(Study material)

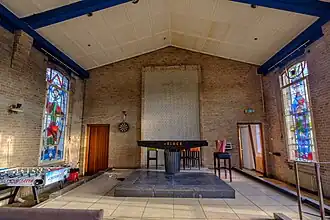 Het altaar in de kapel met gebrandschilderde glazen aan weerszijden (2023)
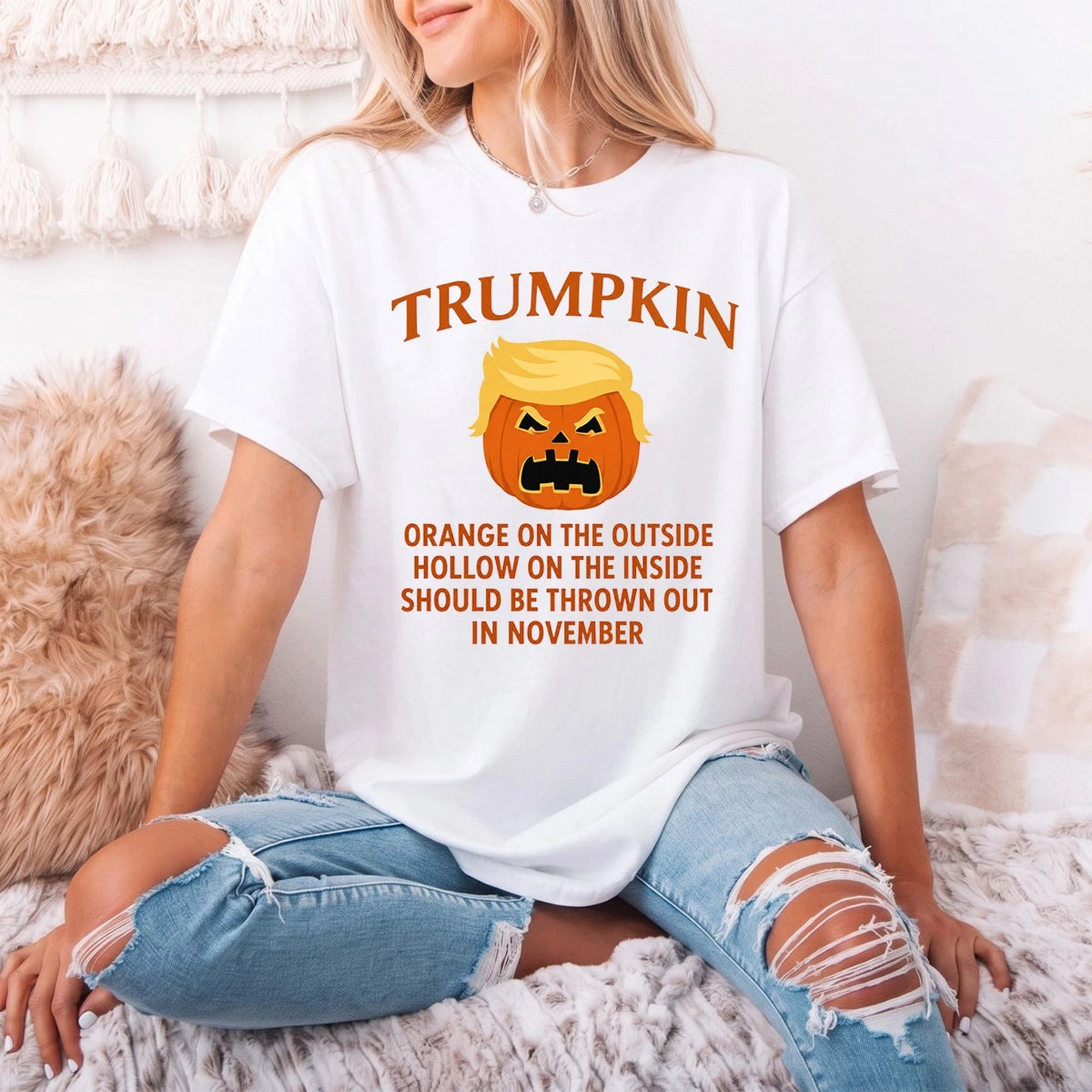 White Trumpkin graphic tee shown in a casual lifestyle setting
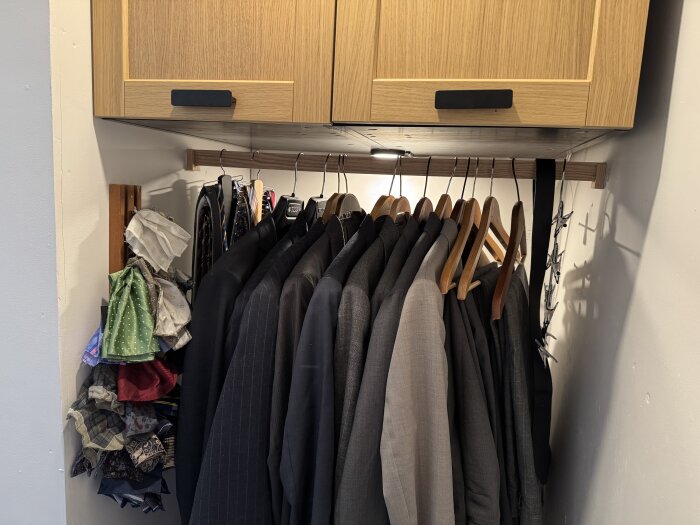 Klädhängare med kavajer och skjortor, träskåp ovanför, samt hylla med vikta kläder och accessoarer i en walk-in-closet.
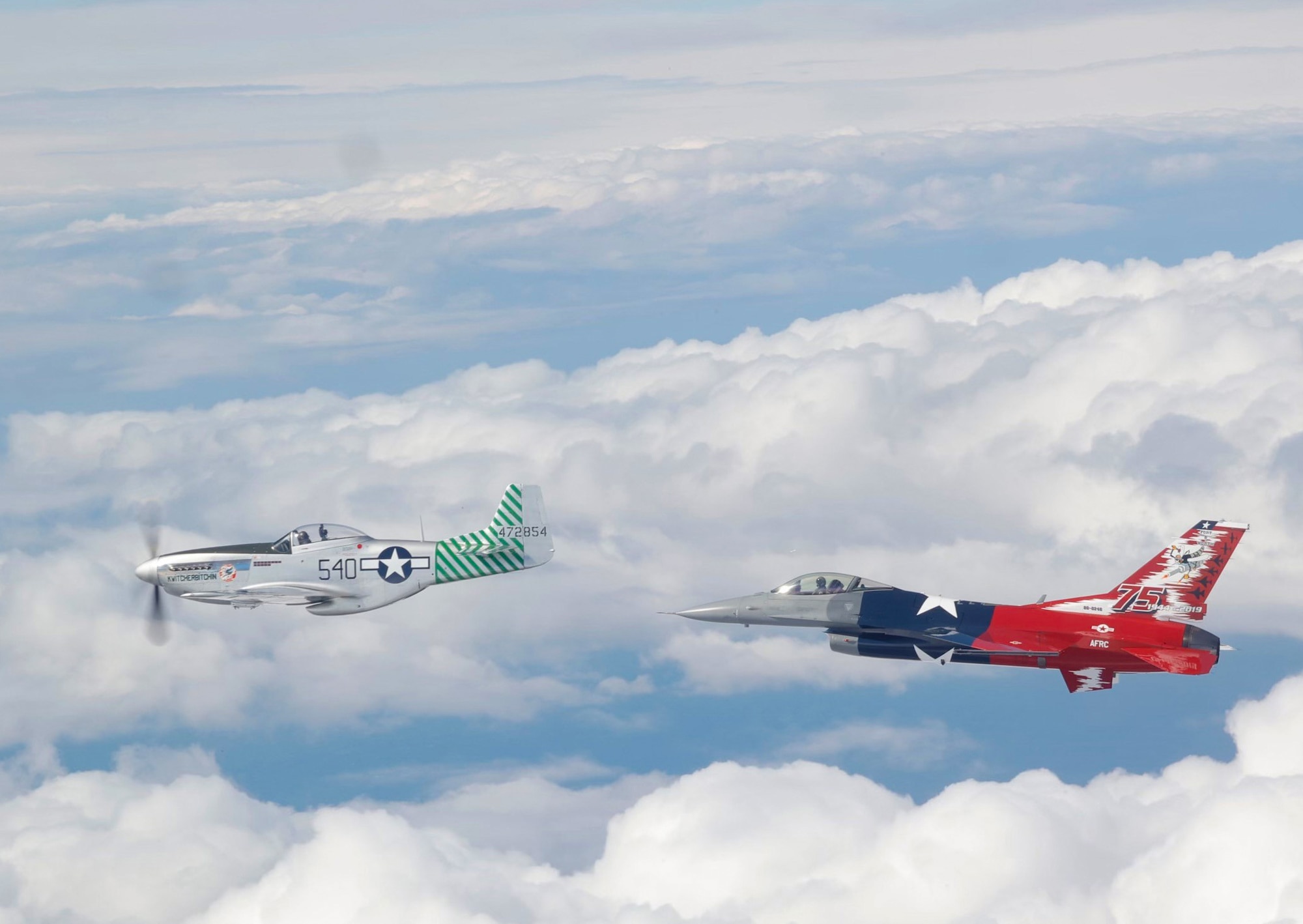 A P-51 Mustang and a 457th Fighter Squadron F-16 Fighting Falcon fly over the east coast of the United States Friday, April 16, 2021. The flight commemorated the 75th anniversary of the squadron, which was activated on Oct. 21, 1944. The P-51 was the first aircraft assigned to the squadron. (U.S. Air Force photo by 1st Lt. Savanah Bray)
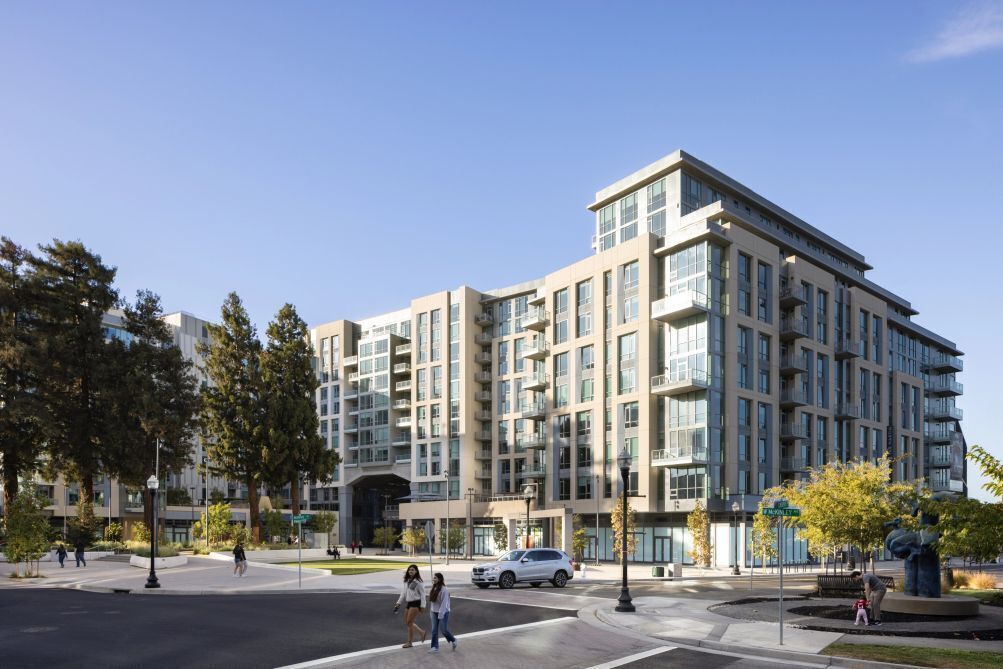 A multi-story building with a modern architectural design, featuring a mix of glass and concrete facades, and a central entrance with a covered area.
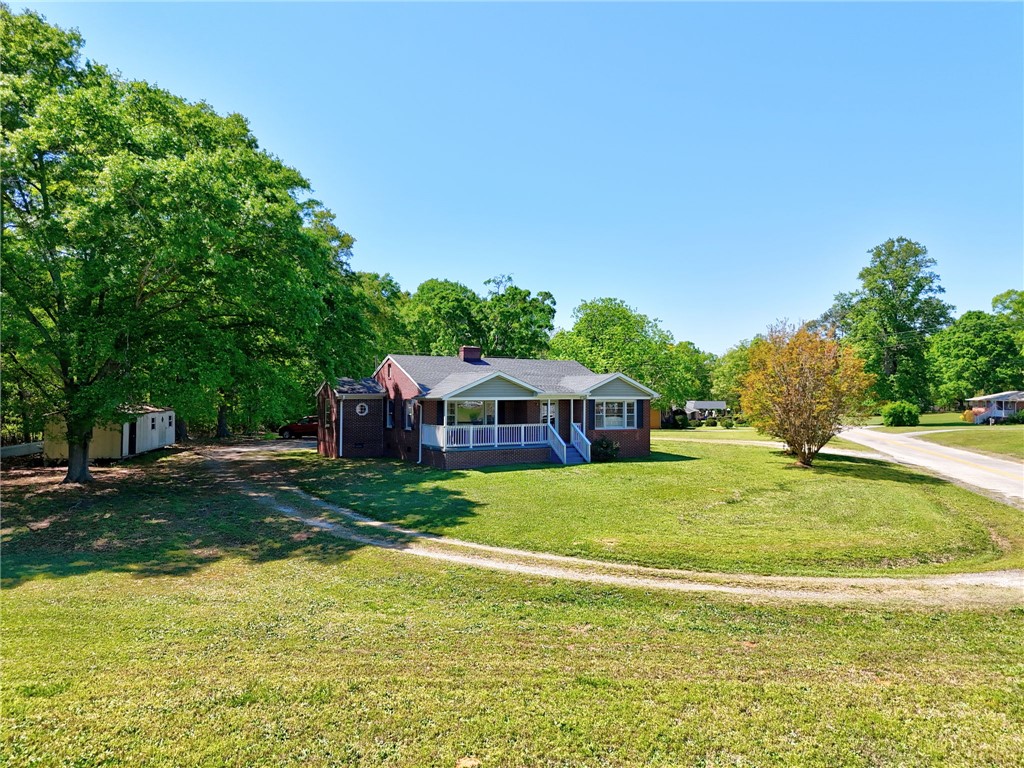 301 Clinkscales Street Iva, SC 29655 - Photo 24 of 36 This charming home features a lovely front porch and a spacious yard, surrounded by lush greenery.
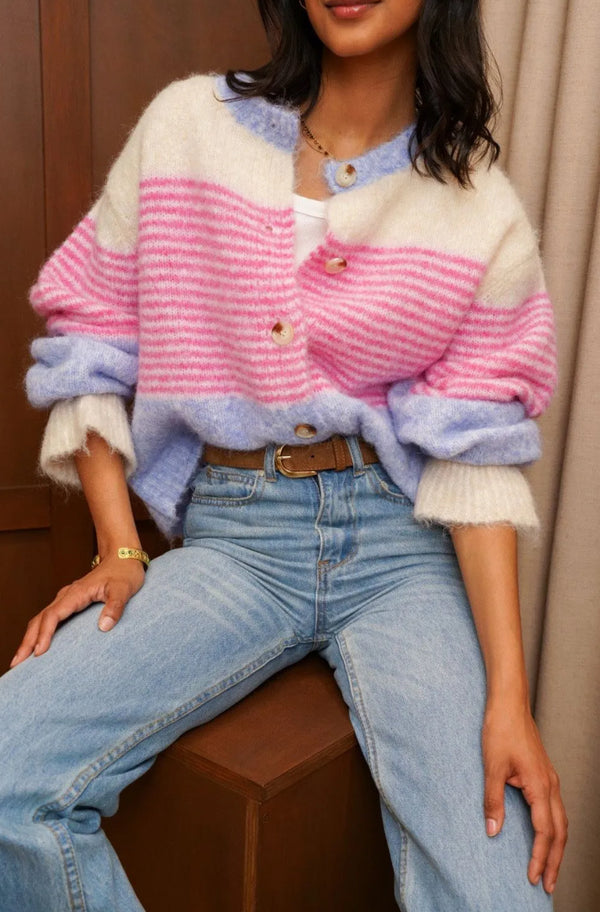 A woman seated indoors wearing a fuzzy knit cardigan with horizontal stripes in cream, pink, and light purple, paired with light blue jeans and a brown belt.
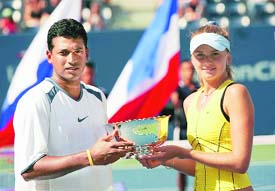 India�s Mahesh Bhupathi and Daniela Hantuchova of Slovakia hold the winners trophy after defeating Katarina Srebotnik of Slovenia and Nenad Zimonjic of Serbia & Montenegro in the mixed doubles final at the US Open in New York on Thursday.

(End Study material)

Exercise prompt
Each line from the one holding "A woman seated" down to the end of the records is to be reproduced unaltered, and the pictures are to be omitted.

Written answer
 A woman seated indoors wearing a fuzzy knit cardigan with horizontal stripes in cream, pink, and light purple, paired with light blue jeans and a brown belt.
 India�s Mahesh Bhupathi and Daniela Hantuchova of Slovakia hold the winners trophy after defeating Katarina Srebotnik of Slovenia and Nenad Zimonjic of Serbia & Montenegro in the mixed doubles final at the US Open in New York on Thursday.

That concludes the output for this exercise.